For the last century, hundreds of thousands of people from various provinces have flocked to the yearly festival in Phu Giay. In the old days, the honorary chairman of the festival used to be the District Officer or the Governor of the province.
Each village contributes 20 to 30 young men, each of whom carry a 2-metre profusely decorated bamboo stick for “stick play”. These young men with their coloured sticks stand and form four Chinese characters “Mau Nghi Thien Ha” (A woman whose virtue makes her the mother of the nation).
The same young men also play an important role in processions escorting “the Mother” to Pagodas. On the 5th day of the 3rd lunar month, “the Mother” is escorted from Van Cat Temple to Dan pagoda, and on March 6, from Tien Huong Temple to Goi Pagoda. Each procession involves scores of lacquered and gilded palanquins, each carried by 8 people. The palanquins proceed slowly, then very rapidly (and are subsequently called “flying palanquins”). A group of old women walks, holding a long piece of cloth high above their head. It is called “the bridge” for geniuses and spirits to travel. They are followed by young men and women clad in colourful traditional clothes and hats holding burning incense sticks. Along with thousands of other participants, these young people walk while dancing and chanting loudly. The number of participants causes each procession to spread over one or two kilometres.

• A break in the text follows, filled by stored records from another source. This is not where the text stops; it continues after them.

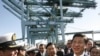 Chinese Vice President Xi Jinping , right, shakes hands with officers as he tours China Shipping at the Port Of Los Angeles in San Pedro, Calif. on Feb. 16, 2012.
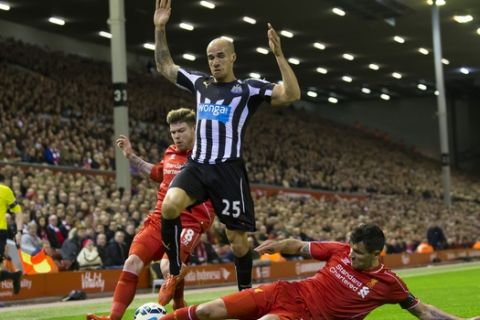 Newcastle United's Gabriel Obertan, center, evades a tackle by Liverpool's Dejan Lovren, right, as Alberto Moreno looks on during the English Premier League soccer match between Liverpool and Newcastle at Anfield Stadium, Liverpool, England, Monday, April 13, 2015. (AP Photo/Jon Super)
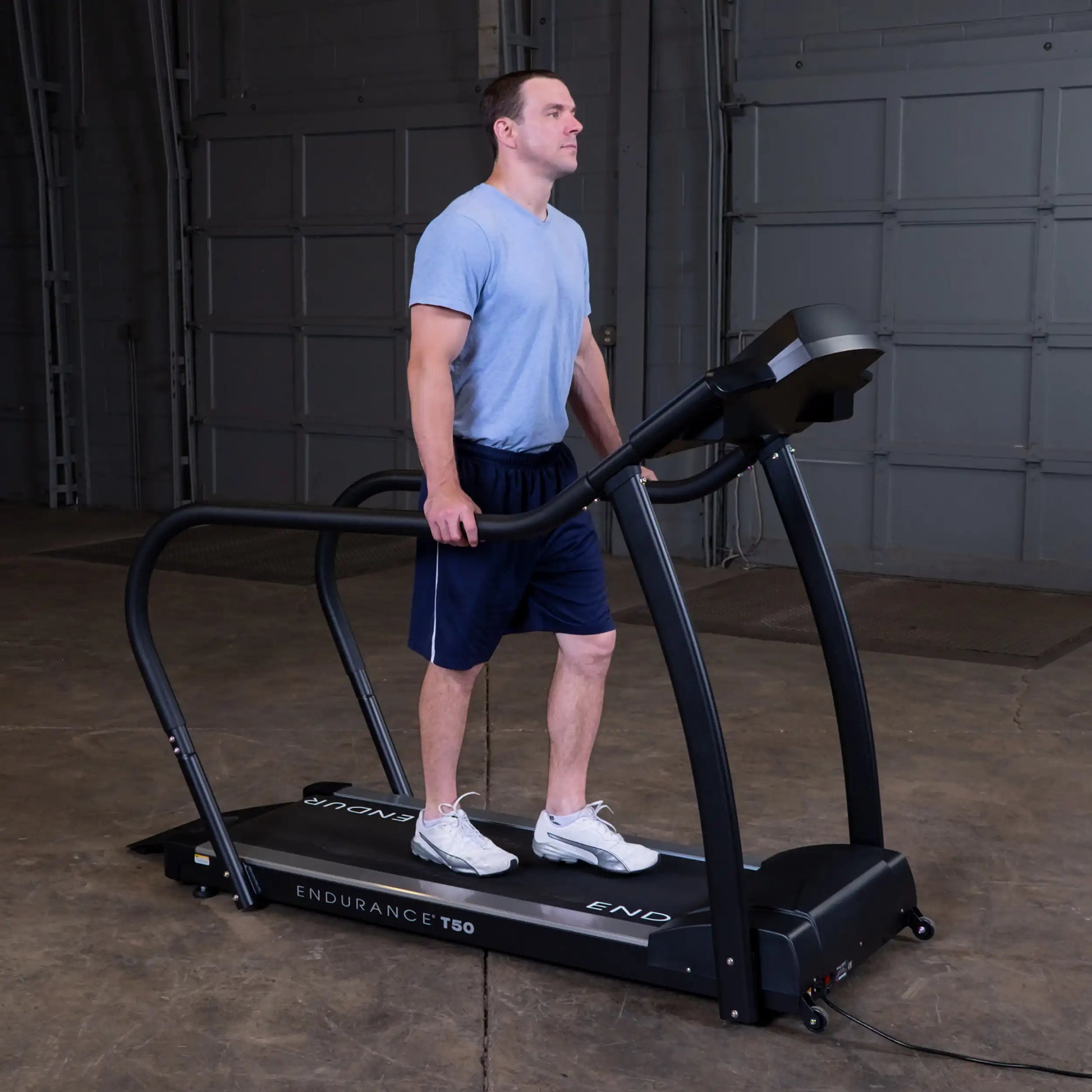 Man using Endurance T50 treadmill in a garage setting.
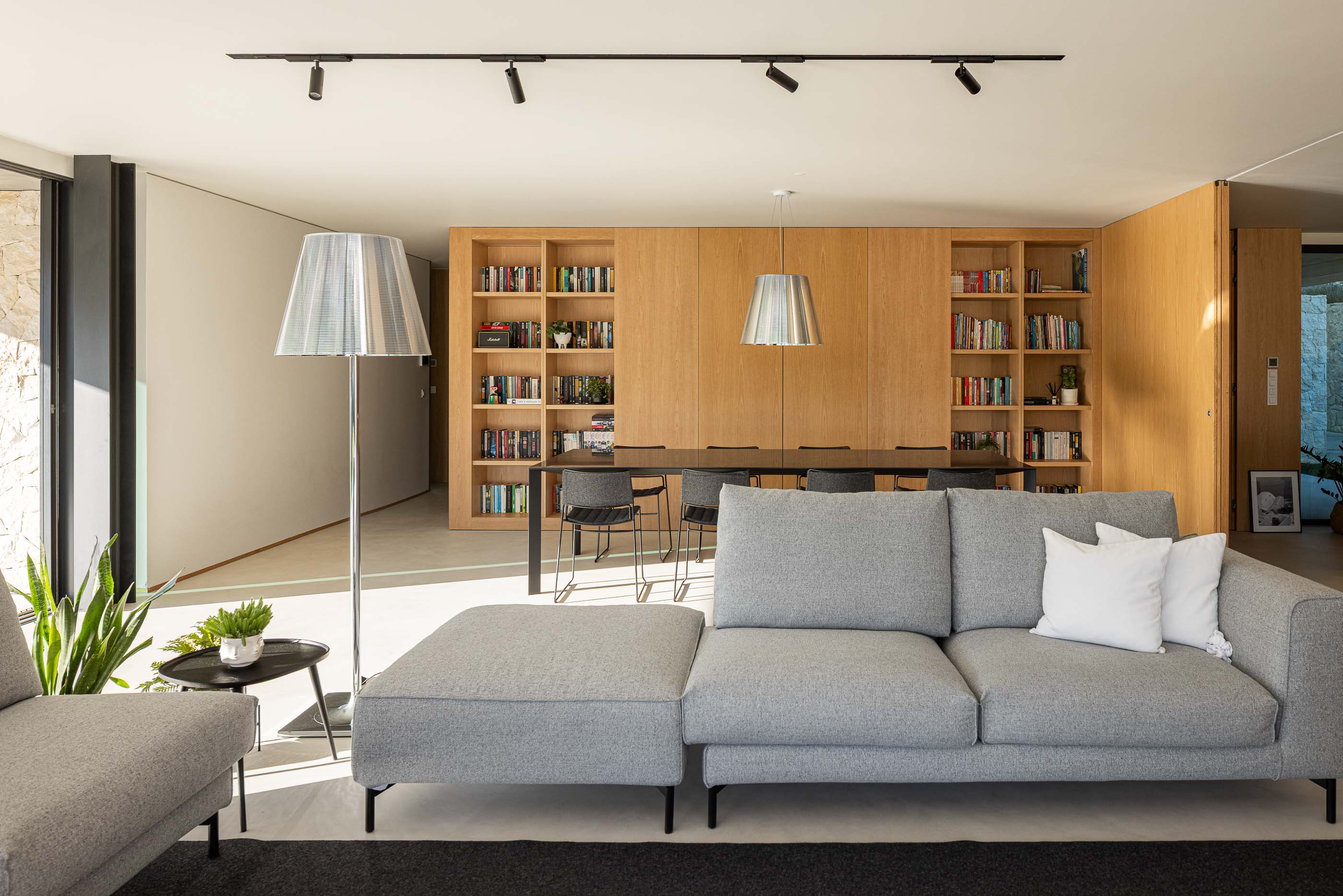 Sala de estar: Sofá cinzento, mesa de apoio preta e estantes em madeira. — Casa M arquitetura silverline em Vila Nova de Gaia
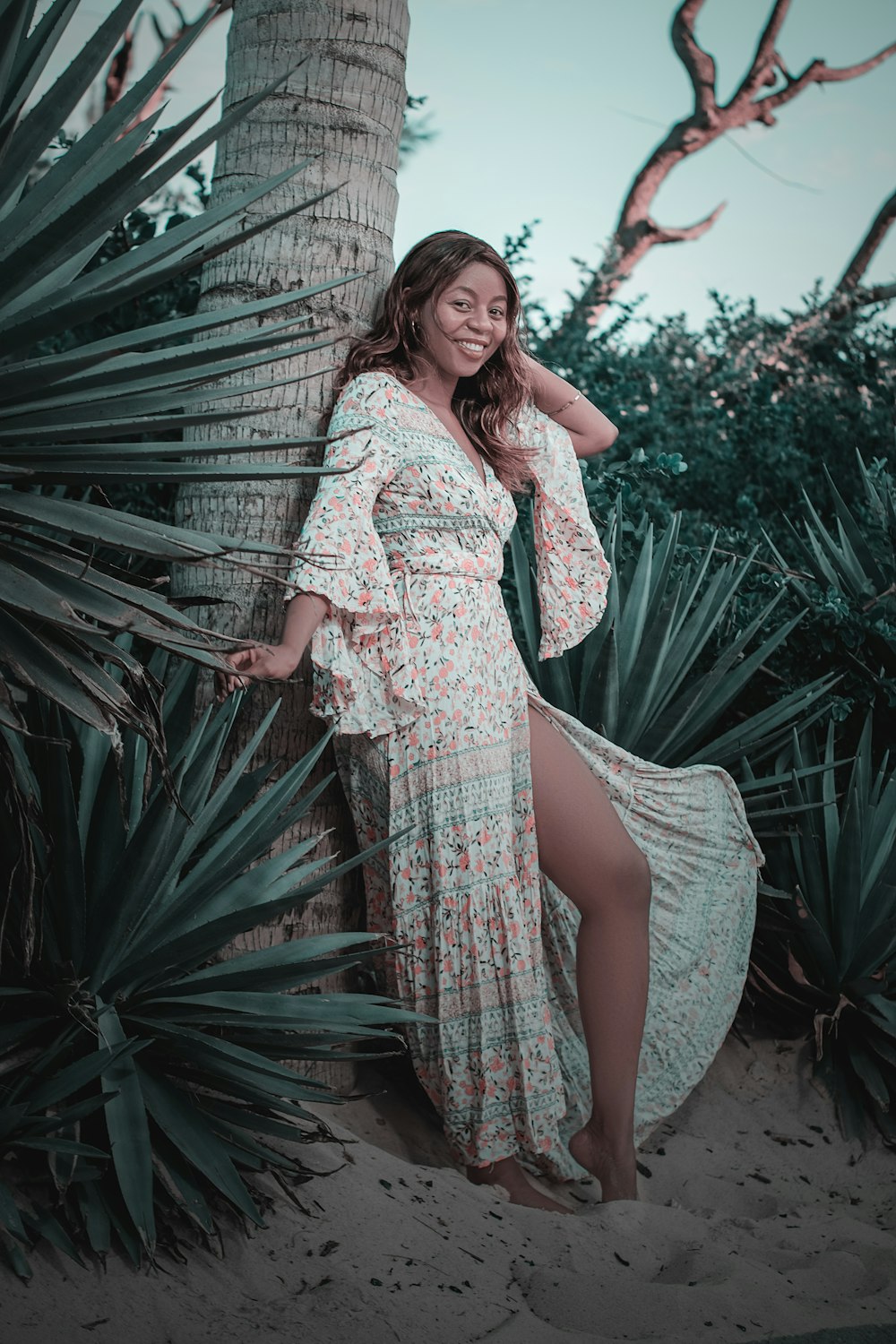 femme en robe florale blanche et rouge debout à côté d’une plante verte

The 3rd day of the 3rd lunar month is the anniversary of the death of Princess Lieu Hanh, “the Mother”. In old days, the anniversary was marked by a ceremony performed by the local notables and chaired by the District Officer. It was a most solemn ceremony, and the participants wore traditional dresses of court officials. The atmosphere, the attire and gestures of the participants made onlookers feel the Imperial Court was being re¬enacted. The altar was full of offering, among them roasted beef and buffalo meats, rice pies. A second anniversary ceremony was added, performed solely by girls in their twenties.
The Festival also involves many traditional games, popular with visitors. The “human chess” game is a favourite, with girls playing the role of the chess-men: one team comprises girls wearing green turbans, and the other has girls wearing red turbans.
The conclusion of the Festival is celebrated with fireworks.
The Phu Giay Festival attracts people in many parts of the country because of the legend of Princess Lieu Hanh, the rebuilt temples with their beautiful architectural designs and also because most Vietnamese traditional games are found there.